What the task asks »
Your reply should reproduce all the data below exactly while excluding the pictures.

Information supplied »

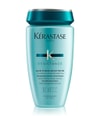 Produktbillede 1 af 6, Kérastase Resistance Shampoo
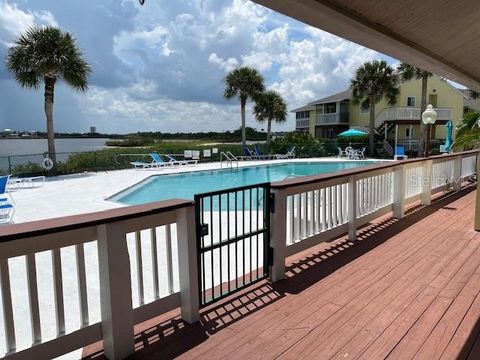 A home in FLAGLER BEACH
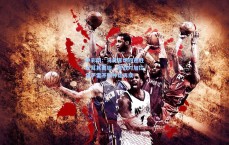 中彩网：马竞客场四连胜土耳其劲旅，欧战对加拉塔萨雷不败神话再续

Written answer »
 Produktbillede 1 af 6, Kérastase Resistance Shampoo
 A home in FLAGLER BEACH
 中彩网：马竞客场四连胜土耳其劲旅，欧战对加拉塔萨雷不败神话再续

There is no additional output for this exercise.